GEW bu hedeflerin arkasında. BM’in sürdürülebilir kalkınma için öngördüğü yeni 2030 gündemi, her ne kadar kâğıdın bir sabır taşı olduğunu bilsek de, gelecek yıllarda gerçekten özlü ilerlemeler kaydetmek için iyi bir zemin sunuyor. Siyasetin sözünü tutması için baskı yapmaya devam etmeli ve eğitim hakkının herkesi kapsayacak biçimde uygulamaya geçmesi için gerekli mali kaynakları hazır bulundurmalıyız. Federal hükümetten GSYH’nın yüzde 0,7’sini kalkınma işbirliğine yatırmasını ve kalkınma işbirliği kapsamında temel eğitime ayrılan mali kaynakların büyük ölçüde arttırılmasını talep ediyoruz. Sivil toplum örgütleri ve sendikaların biraraya geldiği ve her yıl kamuoyu önüne çıktığımız, dünya genelinde iyi eğitim için düzenlenen küresel bir eğitim kampanyasıyla bunu savunuyoruz.
Çocuk işçiliği yerine eğitim
Çocuk işçiliğinin sonlandırılması bizim için çok önemli bir konu. Uluslararası Çalışma Örgütü (ILO) dünya genelinde 168 milyon çocuk işçi olduğundan hareket ediyor, bunların 120 milyonu 5 ila 14 yaş arası çocuklardan oluşuyor. Ergin olmayan bu çocukların büyük çoğunluğu tarımda ve ev işlerinde çalışıyor, ama aynı zamanda ticarette, sanayide ve madenlerde de bu çocuklar ağır işlerde çalışmak zorunda. Bu çocukların işlerde çalıştırılarak sömürülmesi suçtur, çünkü bu onların gelişmesine zarar vermekte ve iyi bir yaşam sürüdürmenin fırsatlarını ellerinden almakta. Çalışmak zorunda kalan çocuklar çoğu durumda okula gidemiyor. Eğitim alamadıklarında da yoksulluğun kısırdöngüsünden kurtulamıyorlar. GEW insanların artık çocuk emeğiyle üretilen ürünleri satın almaması ve hatta bunları kınaması için, “Çocuk İşçiliği Yerine Eğitim” sloganıyla Almanya’da bir bilinç yaratıp, duyarlılığı arttırmak istiyor.

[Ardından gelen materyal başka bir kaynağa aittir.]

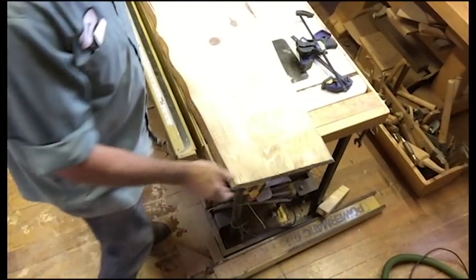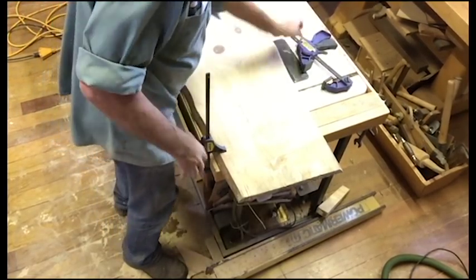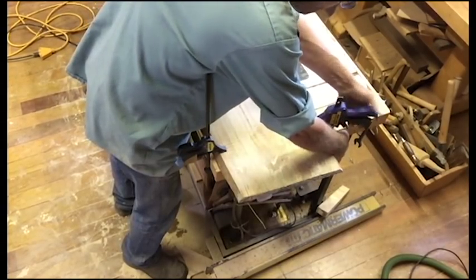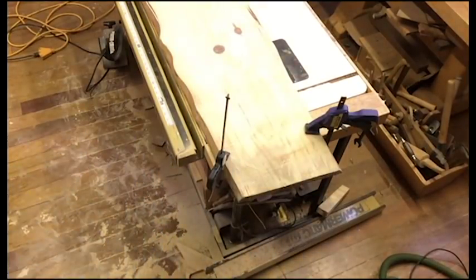I've got a nice wide slab and I want to make a nice clean end cut on both sides. A lot of people say to grab a skill saw, or muscle it through the table saw, or maybe even a band saw. Well, I don't always like my power tools, and there are certain times that a hand tool really is a better choice — and I want to show you why.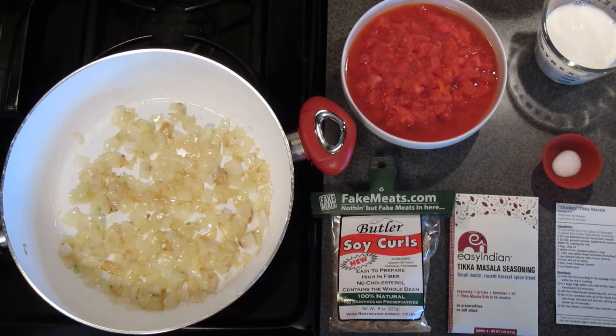Hi, this is Steven from FakeMeats.com and I'm going to show you how to make a vegan vegetarian version of the most popular Indian dish in the world, Chicken Tikka Masala.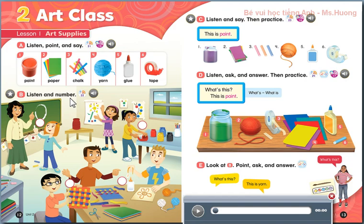2. Look, my paper. It's great. Thank you. 3. Teacher, here's your chalk. Thank you, Carla. Is it a square? No, it isn't. It's a circle. 4. Is it glue? No, it isn't. It's tape. Oh, okay.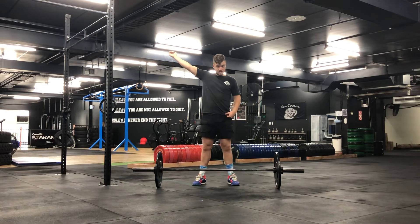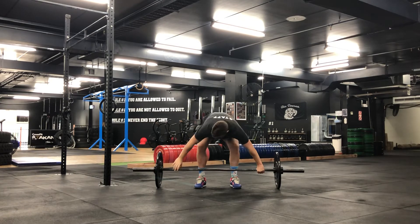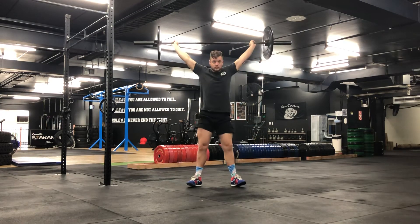Catch it in a quarter squat position and then stand up nice and straight. Set yourself in a good snatch position with your hands, hips nice and low, chest upright. As you stand tall, you're going to lead with your chest. Nice and tall.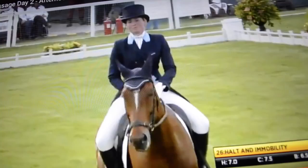So next in the arena will be Christopher Burton. Lots of people thinking this could go close to Michael Young's total. Jodie Amos is in, and we'll wait for her score. I can tell you Oliver Townend's score of 40.7.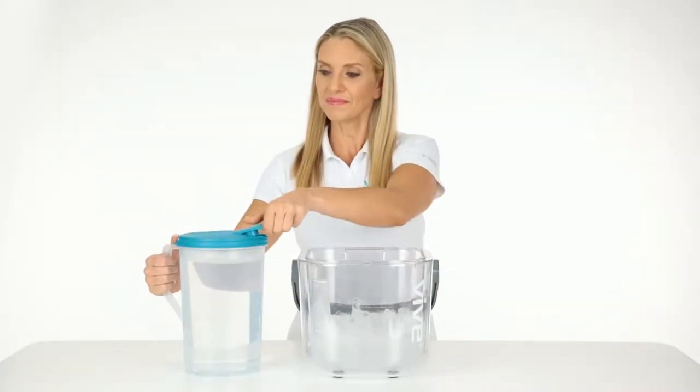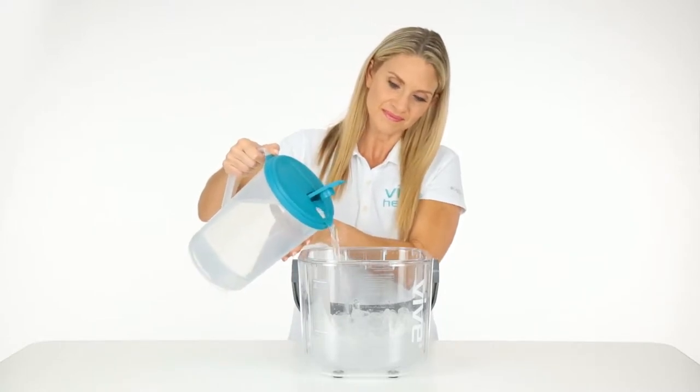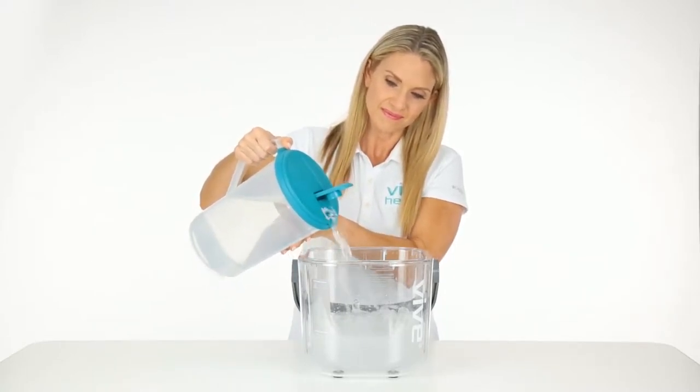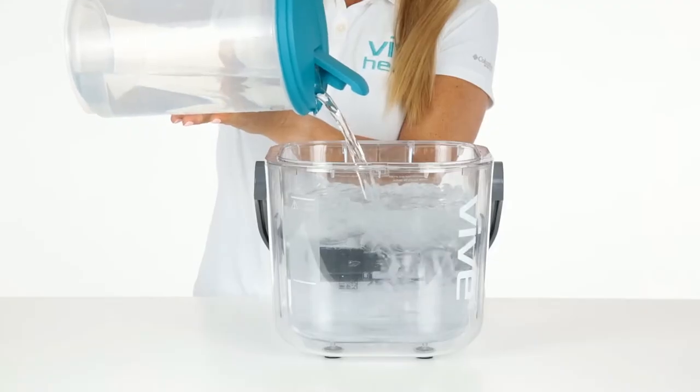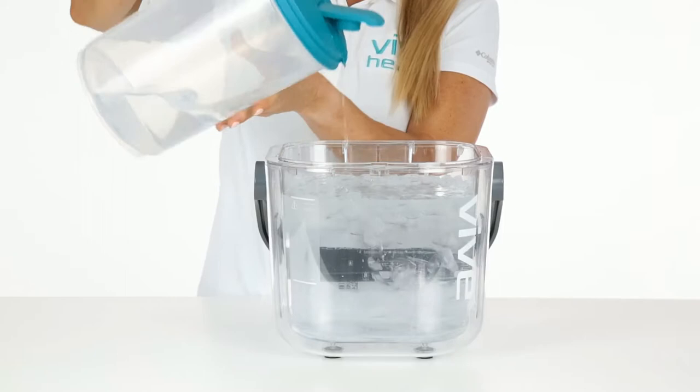Next, add cold water to the bucket, making sure that it reaches the top of the water fill line.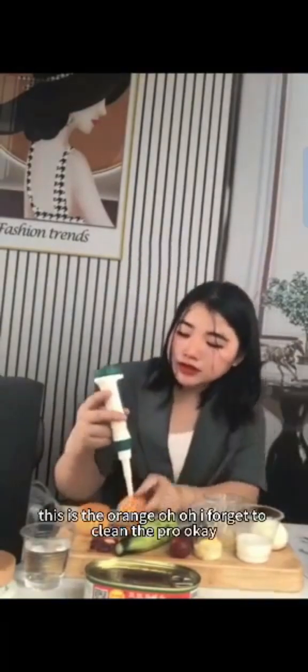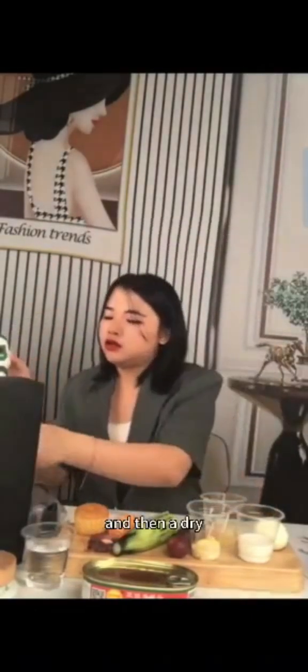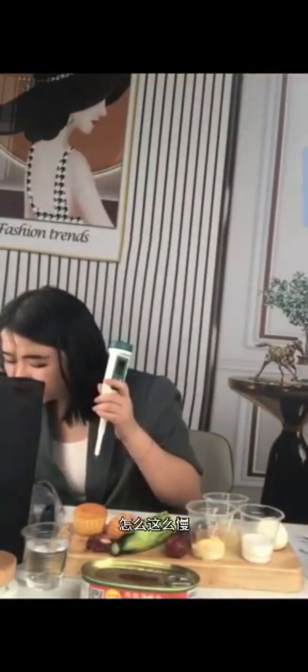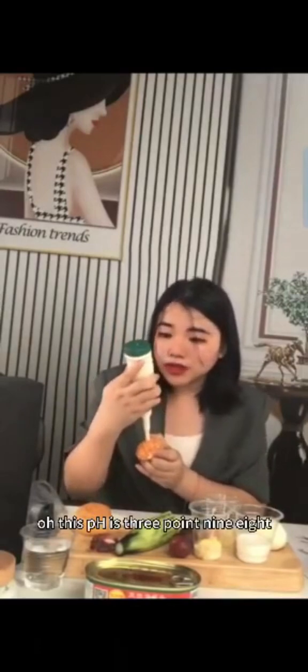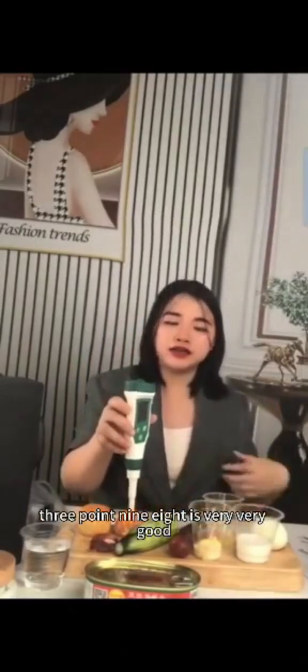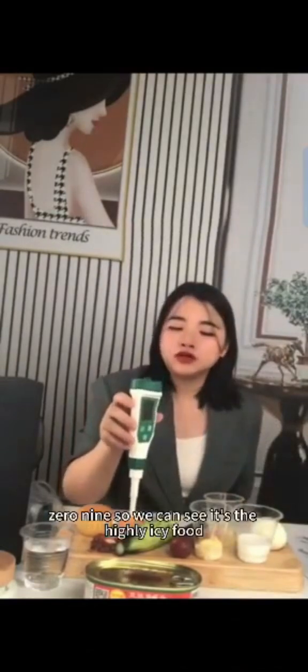This is an orange. I forgot to clean the probe, let me clean it and dry it. The pH is 3.98, very good — it came to 4.09.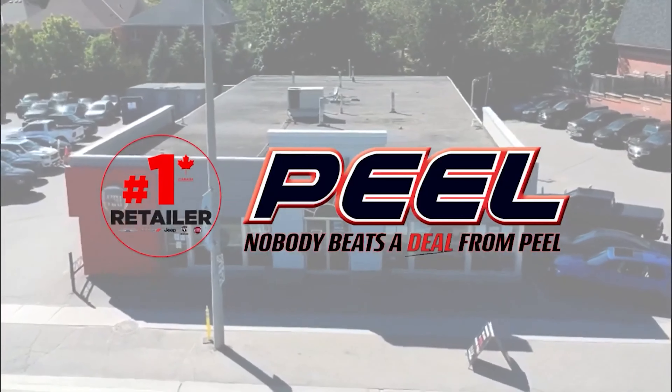So thank you so much for joining me. Comment below and let us know the first time you learned to tow a trailer, because this was a really incredible experience for me with the 4xE. Follow us for more content. And remember — nobody beats the deal from Peel.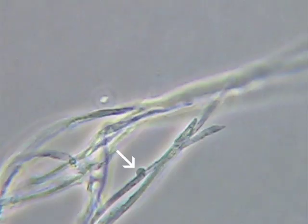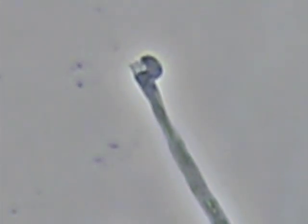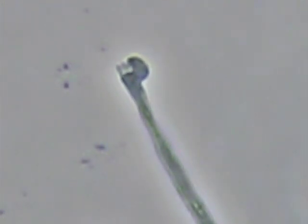Now we'll take it to a compound microscope. Here's what we see — that little bump where the arrow is located is a clamp connection, which is typical for the basidiomycetes that cause fairy ring. Here's another look at a piece of mycelium that has been broken off, and you can see the structure of that clamp connection. Refer to the links associated with this update for additional information on management and control of fairy ring.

Böylece çocuk işçiliği, örneğin çocuk işçiliğinden arındırılmış bölgeler yarışmasıyla yapılan derslerin de nesnesi oluyor. GEW Vakfı “Fair Childhood” ile Arnavutluk’ta, Burkina Faso ve Hindistan’da çocuk işçiliğiyle mücadele ve iyi bir okul eğitimi için çalışan sendikal ve diğer ortaklarımızı destekliyoruz.
Alman okul sisteminde harekete geçilmesi gereken alanlar
GEW Alman okul sisteminde de hâlâ harekete geçilmesi gereken alanlar olduğunu görüyor, çünkü herşeyden önce okullar içselleyici olmaktan çok uzak. OECD tarafından düzenli aralıklarla yapılan PISA araştırmaları, çocukların sosyal artalanının, yoksulluk koşullarında yaşamanın, göç ve engelliliğin eğitim fırsatlarını oldukça sınırlandırdığına ilişkin okul yaşantısından edindiğimiz kendi izlenimlerimizi onaylıyor. Federal hükümetin güncel ulusal eğitim raporu ile ırkçılıkla mücadele dairesinin raporu, aslında geçmiş rapor dönemleriyla karşılaştırıldığında göç kökenli insanların günümüzde eğitime daha iyi bir katılım sağladığını, ama eğitim, çıraklık ve mesleğe erişimlerinin göç kökenli olmayan yaşıtlarının gerisinde kalmaya devam ettiğini öne çıkartıyor. Çokboyutlu ayrımcılık Alman eğitim sisteminden başarıyla geçmeyi engelleyen zorlukları arttırıyor. Eğitim sendikası olarak bu durumun değişmesi için çalışmak istiyoruz.
Sığınmacı çocukları için de eğitim
Savaşlar, silahlı çatışmalarla yürütülen anlaşmazlıklar ve şiddet nedeniyle insanlar kaçıyor. Servetin ve egemenliğin eşitsiz dağılımı da, açlık felaketleri ya da iklim değişikliği birçok insanın eğitim hakkından yararlanamamasının nedenleridir. Almanya’da güncel olarak yaşanan yoğun sığınmacı ve aynı zamanda Avrupa Birliği (AB) ülkelerinden gelen işgücü göçü, okul, çocuk yuvası ve farklı eğitim kuruluşlarında çalışan üyelerimiz için üstesinden gelinmesi gereken yeni sorumluluklardır. “Resmi evrak başarısızlığın nedeni olmamalı” adlı bir araştırmanın yardımıyla, ülkemizde yaşayan tüm çocukların – yasal ikamet statüleri bulunmayanlar da dahil – eğitim hakkının mantığına uygun olarak eğitim alıp almadıklarını inceledik. Ne yazık ki durum beklendiği gibi değil. Bunun değişmesi için, yönetmeliği tanıtmak ve uygulamak amacıyla yasal bir uygulama paketine ihtiyaç var. GEW eğitim hakkının Almanya’da yaşayan herkes için gerçekleştirilebilmesi amacıyla, siyasete yönelttiği kendi önerilerini ve eylem tavsiyelerini kısa süre önce “eğitim bekleyemez” adlı talebiyle tanıttı.